On Nov 15, 2004, at 10:38 PM, Michael Kay wrote:
BTW, to be able to suck in XML data via the doc() function
like this -- where I send a query to a database and get a result
back for
transformation -- is really useful.
Yes. I'm engaged in another project where we are doing exactly the same
thing with Tamino.
What has been your experience with performance?
I've noticed my stylesheets are now a little slow compared to my
earlier approach of just accessing the docs directly from the file
system, but I don't know if this is because of the http access, or
because there's more work involved (here eXist searches for the docs,
while earlier I just directly accessed the correct docs because the
file names were the same as the citekey).

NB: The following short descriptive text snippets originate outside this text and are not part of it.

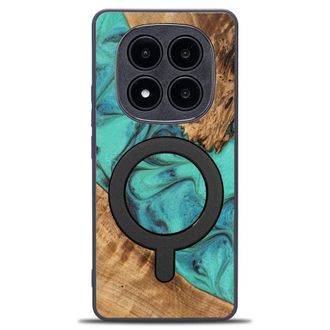 OEM Funda Bewood Unique Para Xiaomi Redmi Note 14 Pro Plus 5g - Turquesa Con Magsafe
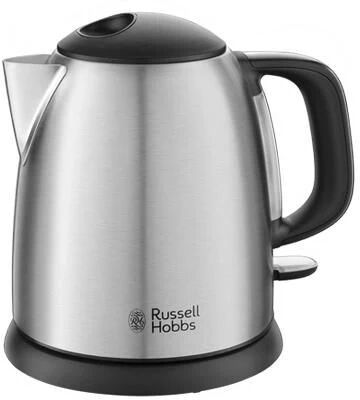 Russell Hobbs Bollitore Compatto Adventure 1 Litro Filtro Anticalcare 2400w Acciaio Satinato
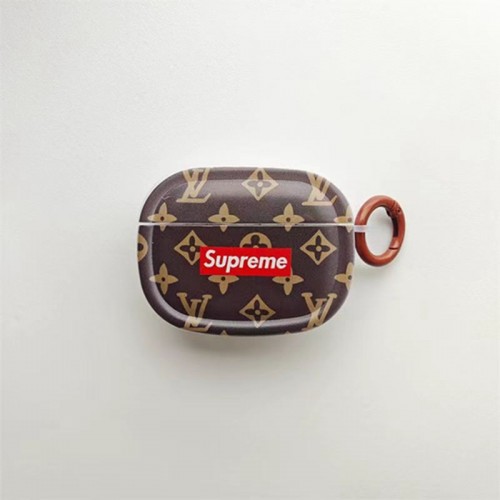 Lv ルイヴィトン Supreme シュプリームブランドエアーポッズpro2保護ケースAirPods 3ブランドケース 携帯便利 ファッションスニーカー形のairpods pro2ケース ブランド 人気メンズ向けAirPods 3/2/1ケースブランドかっこいい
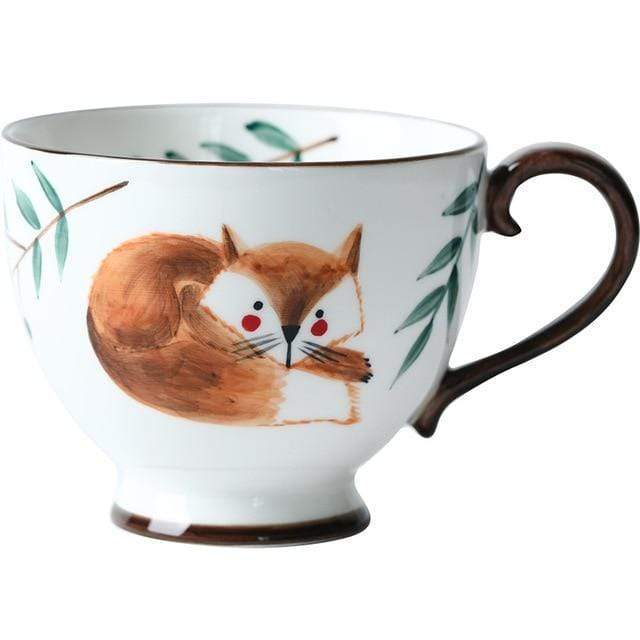 Hand-painted Animals Ceramic Coffee Mug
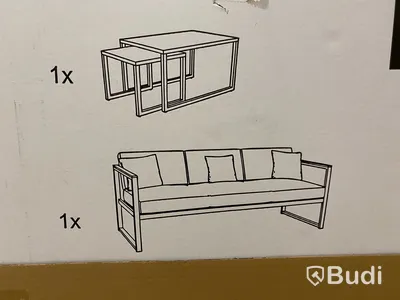 SOFFA OCH 2 ST. SOFFBORD SENSUM, HASSELUDDEN, TEAK SVART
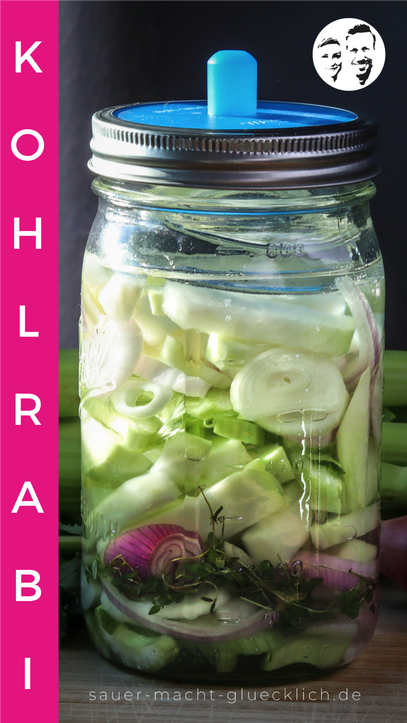 Kohlrabi & Sellerie fermentieren - Lege dein Gemüse ein!
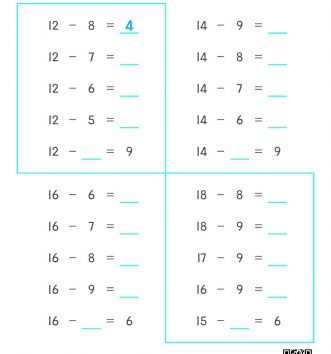 1-2-4 12 뺄셈 연습 문제_2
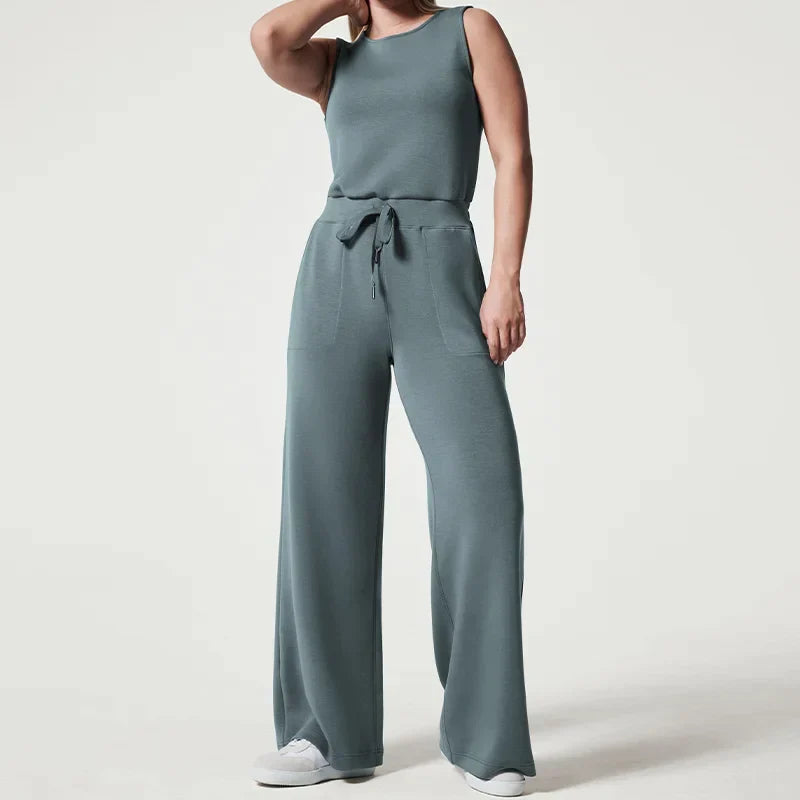 Variant image for Damen Jumpsuit Schwarz Elegant Leichtes Material für Sommerfestivals-2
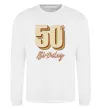 Свитшот 50th Birthday Белый фото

My bigger issue is that I regenerate the bib collection in the
temporary tree every time I run the stylesheets. I'm thinking now it
might be better to spit out that collection of documents as an external
file (called something like "doc-biblio.xml"), so that I can reuse it
in subsequent runs.
But then this leaves the question how to know when the bib file needs
to be regenerated (e.g. when a distinct-value of the "citekey" key is
added or deleted), and when it can just be used as is.
The only way I can see to do this is to have a top-level
"generate-bibfile" parameter with the default set to "yes". That way
an application (say OpenOffice) can be charge of knowing whether the
bibfile needs to be regenerated or not.
Does that sound right? Any other suggestions?